好調を支える指揮官・高木琢也の手腕 J2・J3漫遊記 V・ファーレン長崎<前篇>

宇都宮徹壱

「反省することばかり」だった横浜FC監督時代

長崎のサポーターにあいさつする高木監督。自分のスタイルを模索する日々は今も続く 【宇都宮徹壱】

 現役時代、「アジアの大砲」と呼ばれた高木が現役生活を終えたのは、2000年のこと。JSL(日本サッカーリーグ)のフジタを振り出しに、マツダ(のちのサンフレッチェ広島)、ヴェルディ川崎、そしてコンサドーレ札幌でプレー。最後のクラブとなった札幌では、プロになって初めてノーゴールに終わり、ここで静かにスパイクを脱いだ。ただし、すぐに指導者になろうという強い思いは湧かなかったという。

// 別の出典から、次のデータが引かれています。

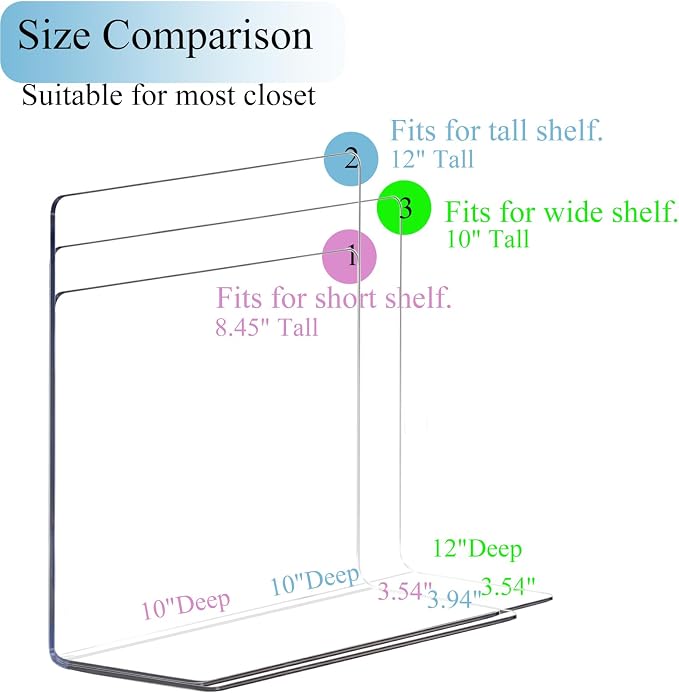 Shelf Dividers for Closet Organization - Acrylic Closet Dividers for Shelves - Clear Free-Standing Shelf Separators for Clothes Sweater Purse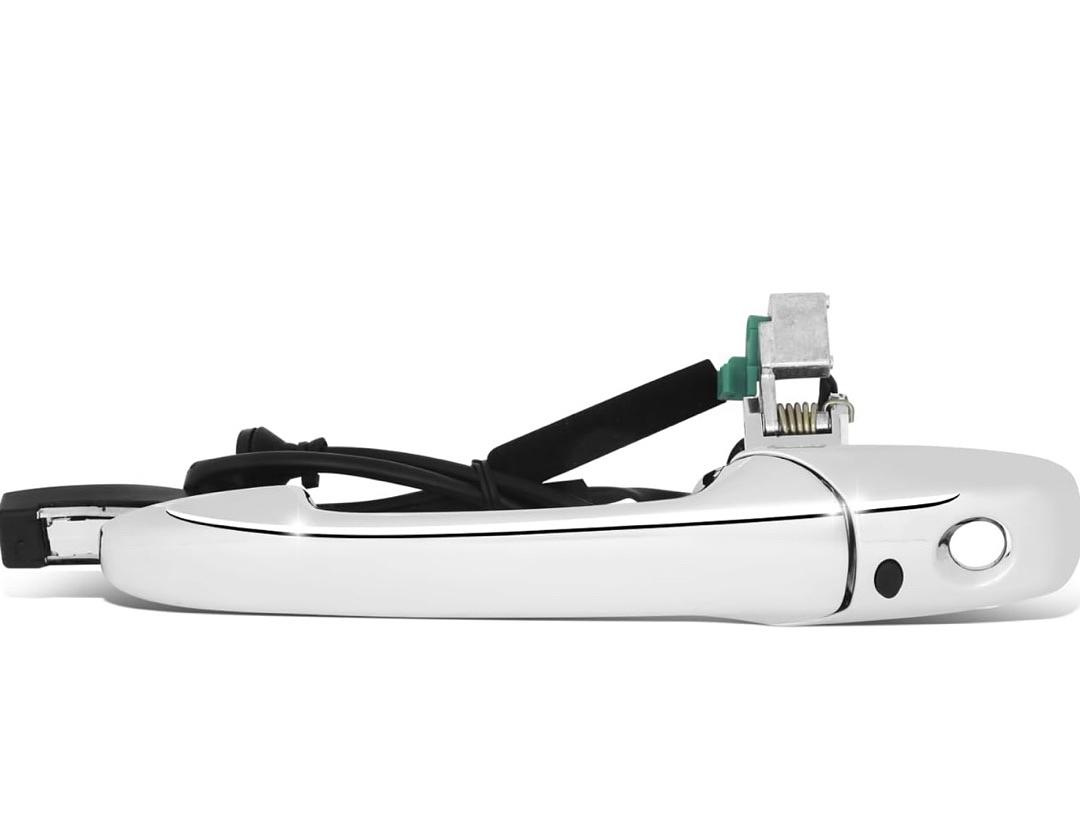 Front Left Outer Door Handle Compatible with 04-09 Mazda RX-8/07-12 CX-7/07-15 CX-9, w/Smart Entry, Chrome,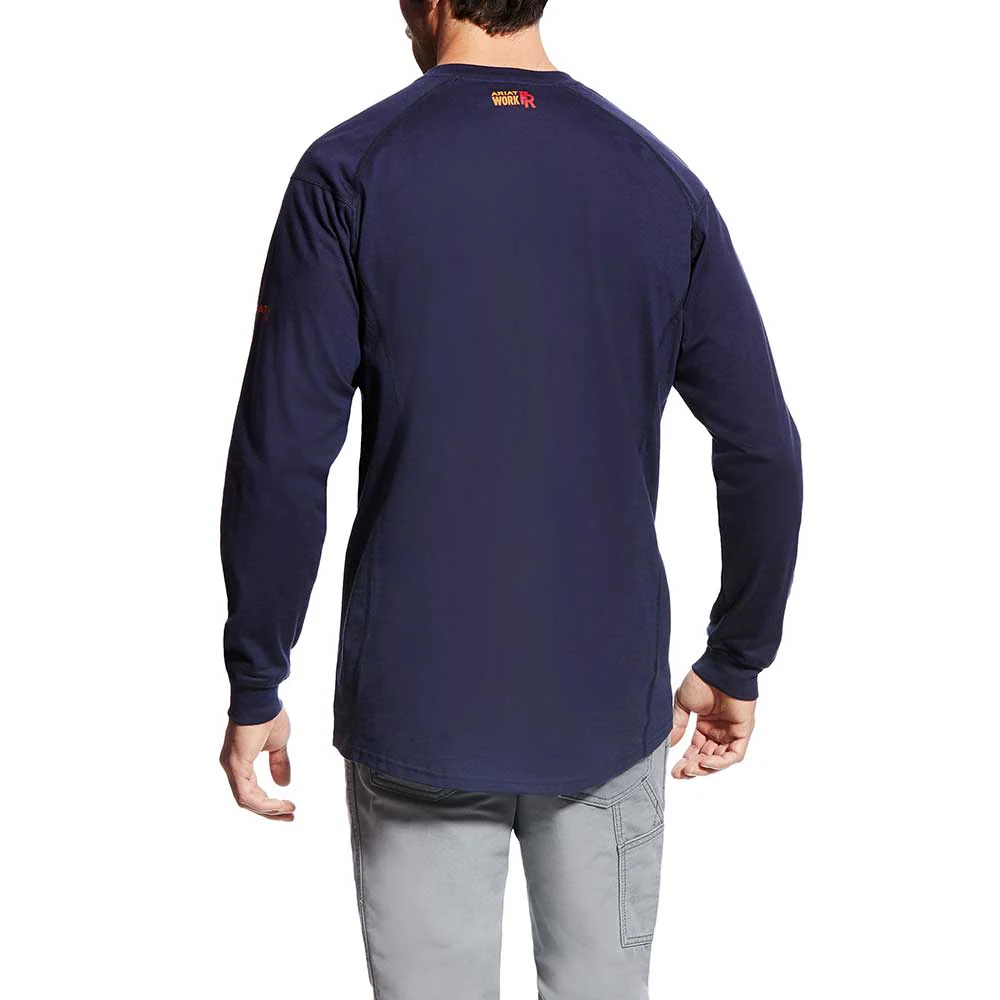 Ariat Mens FR Flame Resistant Work Shirt Navy Blue - 10022597 - Image 2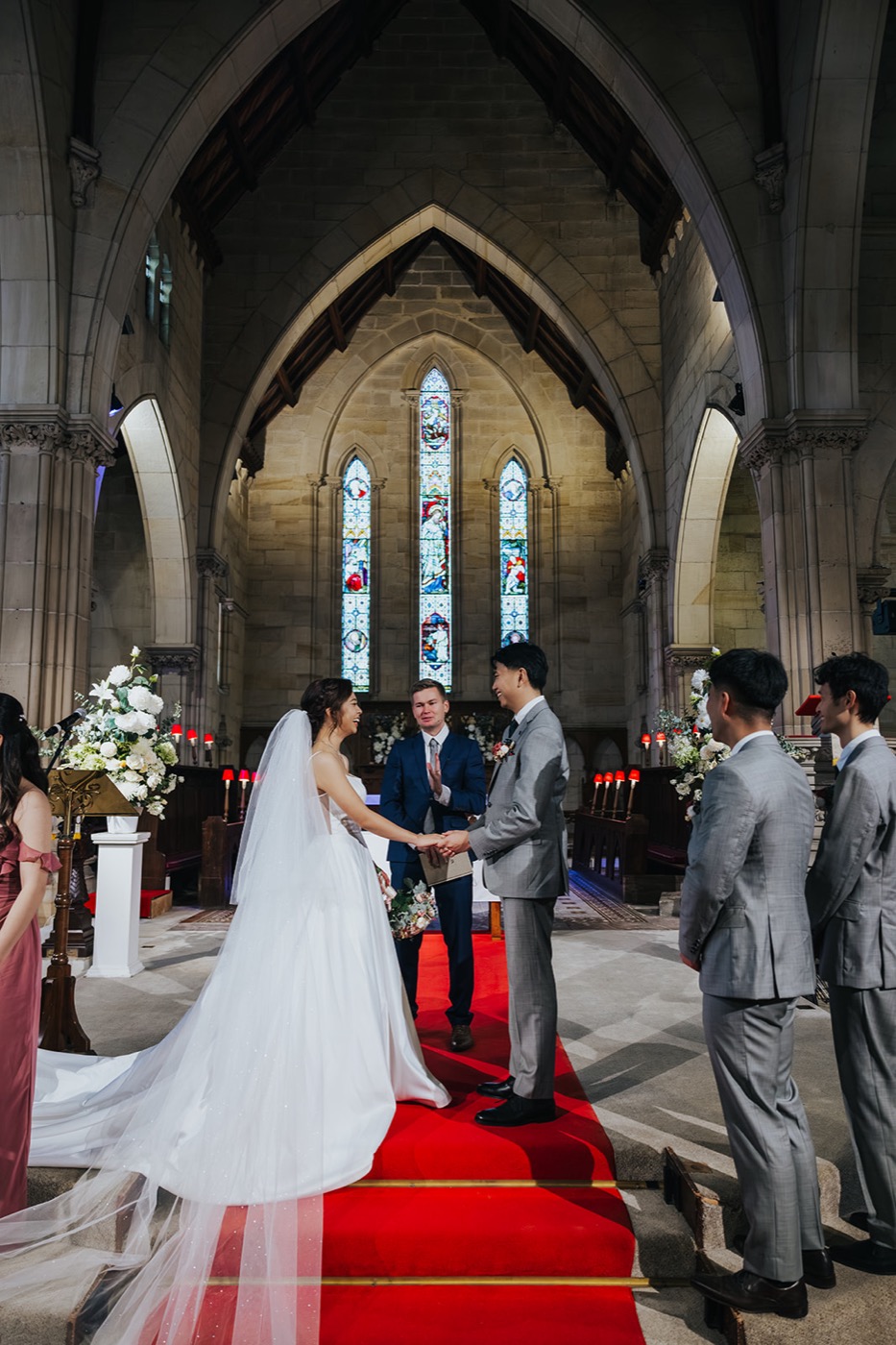 Couple exchanging vows at the altar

「現役を終えたころは、漠然とサッカーの仕事に携わりたいというのはありましたけれど、絶対に指導者にという感じではなかったですね。(05年にS級ライセンスを取得したが)すぐに仕事にありつけるという話でもないですし。ですので、解説の仕事をしながら2年間だけ日本大学のコーチをやっていました。ただ、解説の仕事は本当に勉強になりましたね。映像だけでなく、海外の試合やトレーニングも現地で見せてもらえましたから」

 そして06年、高木は満を持して横浜FCのコーチとなる。おそらく当人としては、ここでしっかり現場の修行をして、いずれは監督へという思惑もあったのだろう。ところが開幕戦で横浜FCは、この年にJFLから昇格したばかりの愛媛にアウェーで0−1と敗れてしまう。この結果もあり、就任2年目の足達勇輔監督は解任され、コーチになったばかりの高木がいきなり監督に昇格する。

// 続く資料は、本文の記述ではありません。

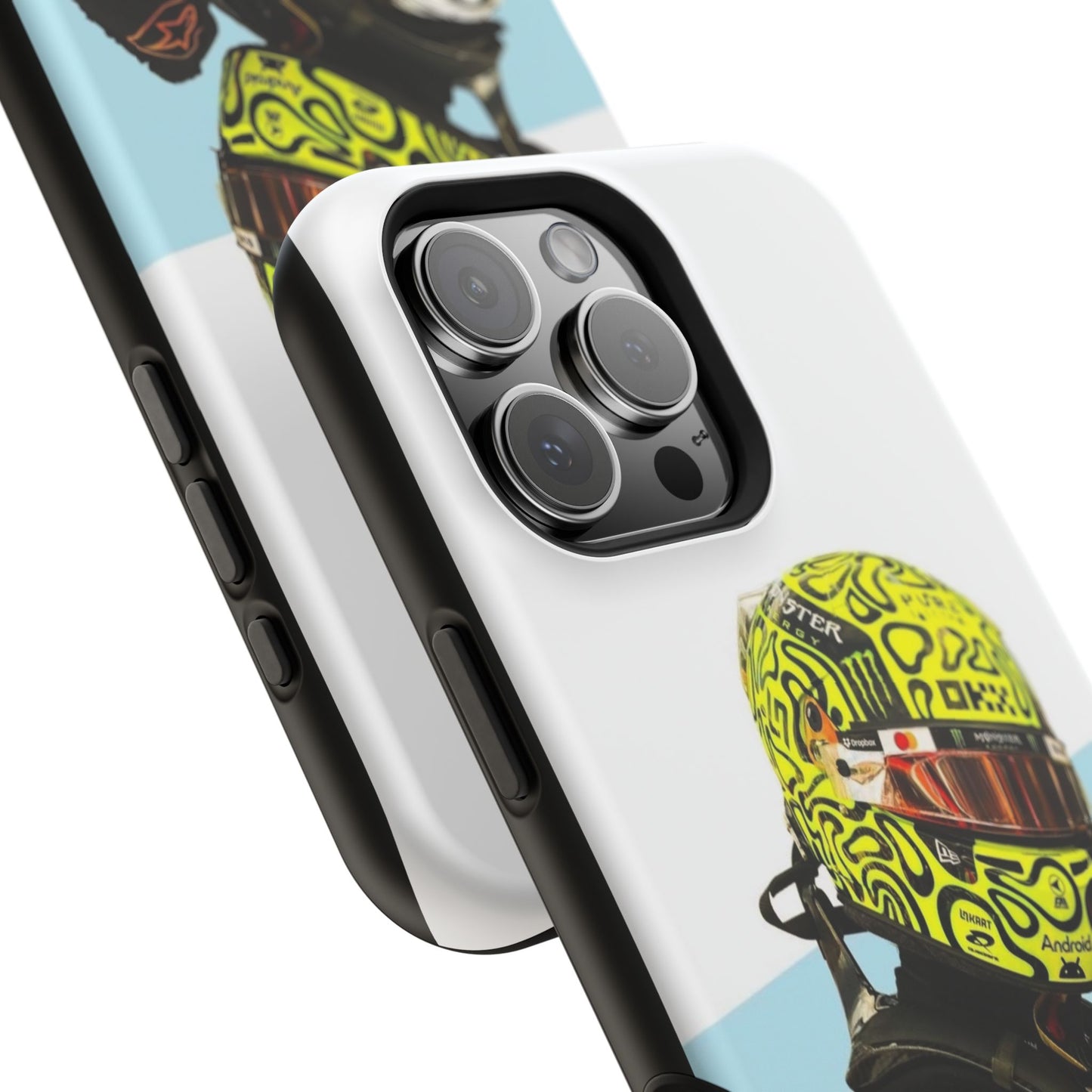 Lando Norris F1 Phone Case – White & Neon Helmet Edition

 本人はまったく「その気がなかった」というが、渋々オファーを受諾。すると初采配となった第2節のサガン鳥栖戦から、15試合無敗というクラブ記録を打ち立て、終わってみればJ2初優勝とJ1昇格を決めてしまった。もっとも当人にとって、昇格した06年と1年で降格した07年は、苦い思い出でしかなかったようだ。

「06年は確かに昇格できましたけれど、自分としては過剰な評価だったと思います。昇格できた理由ですか? それまでの積み重ねがあったのと、試合を重ねるごとに自分たちのスタイルというか、リズムを作れたこと。あのシーズンは、とりあえず1点を取ったら、あとは守り切るというスタイルを作ることができました。(翌07年の)J1では、(第3節で)川崎フロンターレに0−6で負けたのが、一番印象に残っていますね。今となっては反省することばかりですが、逆にいろんなことを勉強させてもらった時期だったと思います」

 結局、シーズン途中の8月27日に解任。その後、東京ヴェルディ(09年)、ロアッソ熊本(10年〜12年)で指揮を執った。この4シーズンについて、高木自身は「模索する日々でした」と語る。指導者としての自分のスタイルを模索する一方、熊本時代には「戦力不足をカバーするには走るしかない」という確信に至る。こうした模索する日々もまた、その後の長崎での指導力を下支えするものとなっていった。

指揮官が考える「理想のチーム像」とは?

高木体制になって二度、プレーオフに進出。15年はウェリントンの一発で福岡に敗れた 【宇都宮徹壱】

 そして13年、高木は故郷・長崎のクラブに監督として招かれることとなった。J2に昇格したばかりの1年目は、いきなり6位に上り詰めてJ1昇格プレーオフに進出。そして3年目の15年にも、やはり6位でフィニッシュしてプレーオフに再チャレンジしている。結果は13年が京都サンガF.C.に0−0、15年が福岡に0−1と、いずれも準決勝敗退となった。一方、プレーオフに進出した翌シーズンは、14位(14年)、15位(16年)と2桁順位。2年続けて優勝争いに絡むことはなかった。この毎年の成績の乱高下が、高木への評価を難しいものにしている。当人の考えを聞こう。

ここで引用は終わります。